Characteristics of Three (and a half) Year Old Behavior

3.5 year old behaviour

Some time ago I wrote a post on the Characteristics of Two (and a half) Year Old Behavior. In recent weeks, my fourth child’s behaviour has become rather challenging. I was trying to work out what was going on with him and me, that could be contributing to the situation. Going over in my mind, the behaviors he had been exhibiting it came to be straight away, that he has entered another period of disequilibrium – he is the lovely age of three and a half!

Disequilibrium is the half year period before a child’s birthday, (in this instance from 3 1/2 until 4 years old) where children are confused, emotional, temperamental and may have difficulty completing tasks that they previously have easily accomplished. They then move into phases of equilibrium where they seem to have “got it all together”.

Characteristics Of Three and A Half Year Old Behaviour

Your Three Year Old: Friend or Enemy by Louise Bates Ames.

So I did some research on this stage of child development and came across these couple of paragraphs, which instantly gave me some heart. They are taken from Your Three Year Old: Friend or Enemy by Louise Bates Ames.
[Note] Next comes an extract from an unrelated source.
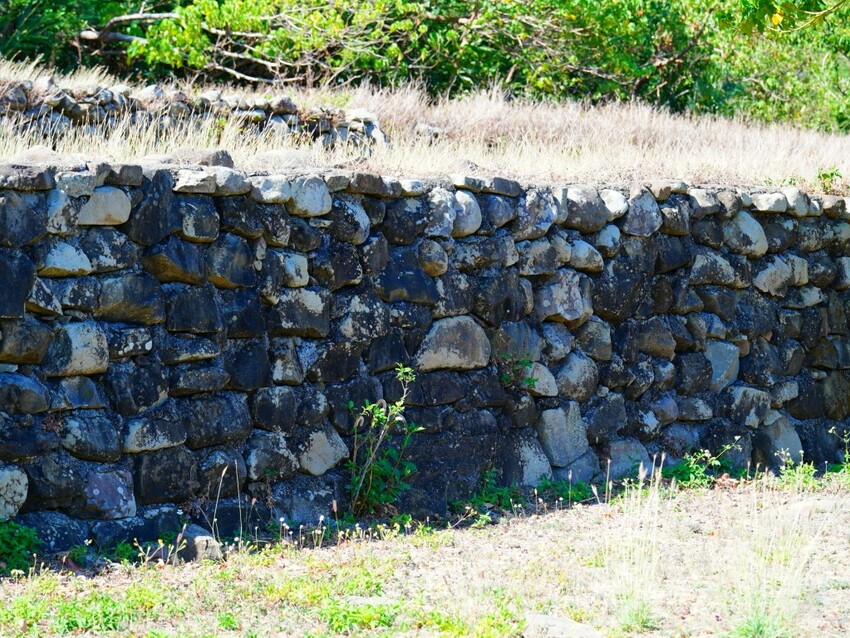 屏東縣獅子鄉在獅子好芒·山蘇蕨起裡,展開一場山海交織的部落旅行|走進獅子鄉 Sisigu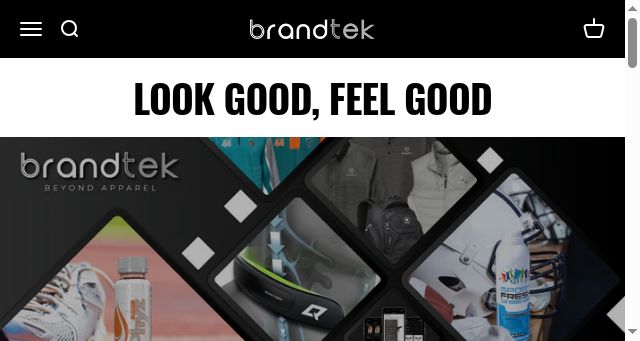 Screenshot of brandtek.com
In fact, Three is a highly “we” age. The child likes to say “let’s,” as “let’s go for a walk, shall we?” The sense of togetherness or “we-ness” seems to make him depend on the adult and makes him lean on him or her, though he also enjoys the sense of sharing. The very child who has been so independent earlier may now ask his mother: “Help me,” “show me.”

Three is a conforming age. Three and a half is just the opposite. Refusing to obey is perhaps the key aspect of this turbulent, troubled period in the life of the young child. It sometimes seems to his mother that his main concern is to strengthen his will, and he strengthens this will by going against whatever is demanded of him by that still most important person in his life, his mother.

Many a mother discovers that even the simplest event or occasion can elicit total rebellion. Dressing, eating, going to the bathroom, getting up, going to bed – what ever the routine, it can be the scene and setting for an all-out, no-holds-barred fight. Techniques and tricks formerly useful can no longer be guaranteed to work. The mother’s equally resistant response may be tempered by knowing that soon, when he is Four, her child will have developed a self concept strong enough so that he can sometimes conform, and also that he will sometimes enjoy going out of bounds and saying and doing things he knows full well will not be permitted. But even when out of bounds at Four, he will usually be much less difficult to manage then now, at Three and a half.

How many months is it until April (he will be four then!)????? Seriously though, reminding myself of how turbulent this age can be and understanding that it is part of his developmental growth, has already given me some feeling of relief and started me thinking of better ways to manage his behaviour. I have listed below some of the characteristics and some “possible” solutions. The solutions are only “possible” because as noted above, they may work one day, but not the next, on these beautiful 3.5 year olds!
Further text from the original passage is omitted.